There was a time, somewhere in my past, when that term referred to winter clothing – white woolen slacks or a white sweater or blazer. I’d say a long time ago. Right now, winter white is the color of the sky, the ice, the snow, the everything. But a lot of white sky. That and grey.

A few weeks ago, in my part of the state, we had between a foot and a half to two feet of snow. Pretty, but more than anyone would ever want. Just looking outside made me want to run for the covers. And digging out is, of course, in between work. Or maybe work was in between digging out. It was exhausting and that was even with a neighbor clearing my driveway with his snow blower. I suspect, without him, my driveway would still look like this.

Inside in the evening, things were much calmer. I’d been gifted a Crate and Barrel flameless candle for Christmas and it looks so lovely in this lantern. You can forget – at least until the next morning – that this is what’s waiting outside …

Icicles. Yes, long dagger-y icicles that dare you to walk beneath them. There was just enough warmth and/or blunted sun to have them start breaking, and as I sat at my desk working, or journaling in the morning, you could hear them occasionally crashing to the ground below. When my oil delivery fellow came, I went outside to tell him to stay flush against the house, pointing up. He did …  and flattened himself. But being young, he then skated across the ice on the ground, yelling “Wheeeeee!” as he slid to the driveway and went back to his truck. I could only smile.
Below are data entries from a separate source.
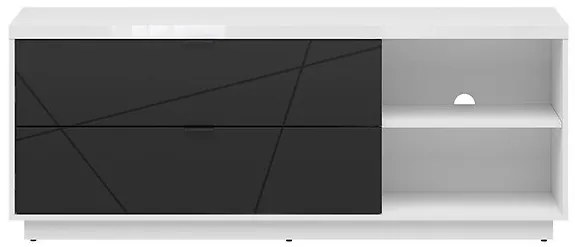 Τραπέζι Tv Boston CE104, Γυαλιστερό λευκό, Μαύρο ματ, Αριθμός συρταριών: 2, 156x61x43cm, 43 kg | Epipla1.gr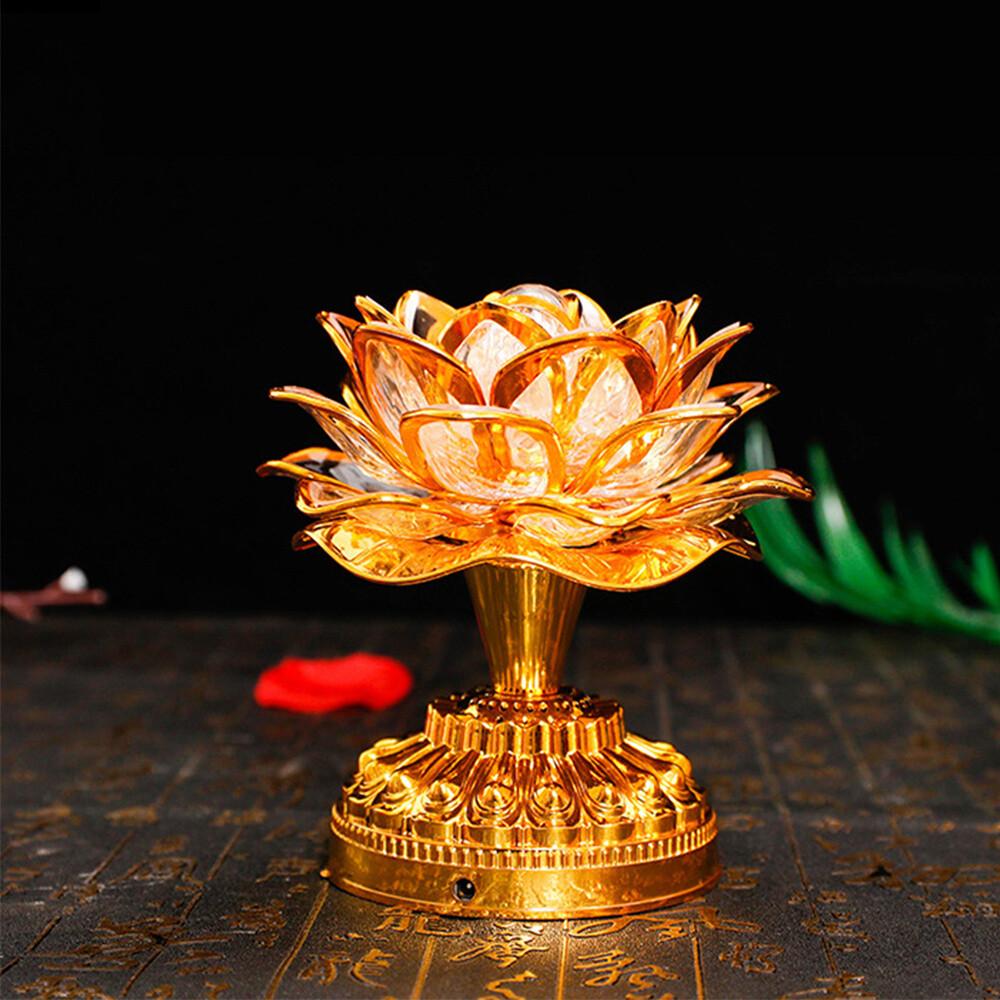 1pc Traditional Home Decoration USB Lotus Lamp Buddha Supplies Buddhist Temple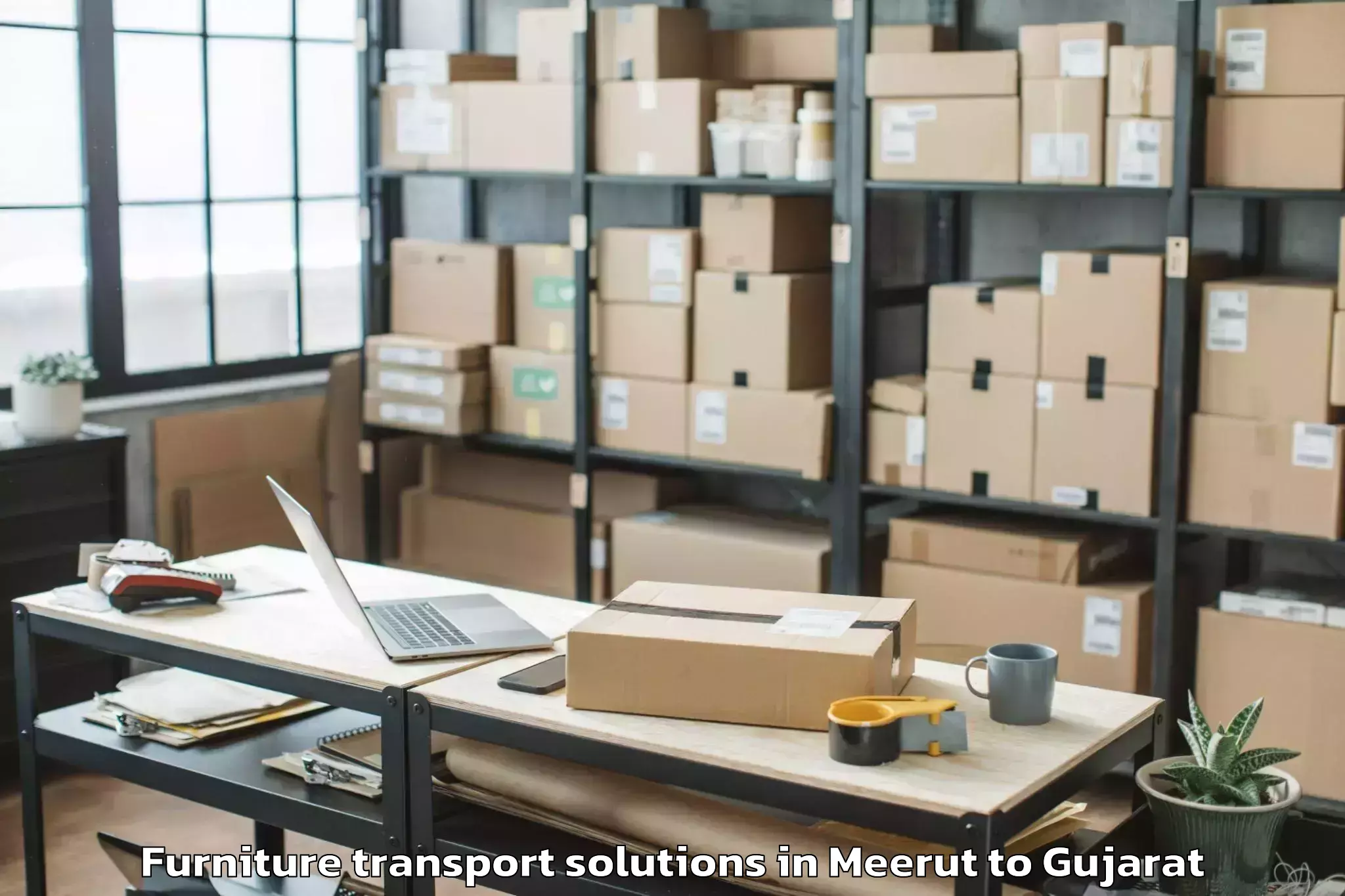 Trusted Meerut to Talaja Furniture Transport Solutions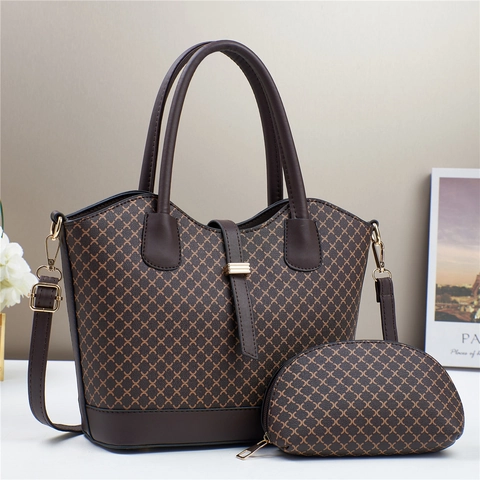 Bucket Bag And Pouch For Women PU Leather Diamond Grid Print Large Capacity Elegant Crossbody Handbag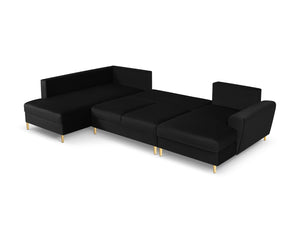 Cosmopolitan Design - Divano panoramico convertibile sinistro con contenitore "Kyoto" 7 posti in velluto nero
These, may I mention, are equal-opportunity icicles – they’re on every side of the house, and on just about everyone’s house in town, and beyond, I’m sure. They are quite beautiful, but do make it advisable to consider which entry to the house is the safest.

The last few weeks have had an unexpected perk. My neighbor next door has been experimenting making challah bread, trying different numbers of braids, and more recently, a different type of flour, too. I’ve had the occasional text alerts on my phone asking first if I liked challah, and on a few subsequent occasions, if I’d like some. You bet! Above, it made great challah French toast. I decided to make a marble cheesecake, a large hunk of which was gratefully received by these neighbors.

An unseasonably warm day yesterday and a boatload of sunshine today – finally! – has much of the snow on the rooftops melting and receding. Just in time for another snowstorm starting tomorrow morning. Oh boy! But at least for tomorrow, they’re only predicting 5-8″, After the previous storm, that almost sounds like a coating.

But the sky was glorious, and though it was quite chilly out, the day was a brilliant respite to the many, many white and grey days we’ve had for the last few weeks.

I had thought to post something for Valentine’s Day, but didn’t get to it. Here is what I wanted to say:

Love yourself. Through thick and thin, we are who we live with. Loving ourselves, contrary to what I was taught growing up, is the essence of being able to love others, to give to others, and at the end of the day, however grey or white, knowing that everything is really okay. This is my Valentine to you – to all of you who stop by, who write, who love, who persevere in these difficult times, and who believe in a better world. Be good to yourself.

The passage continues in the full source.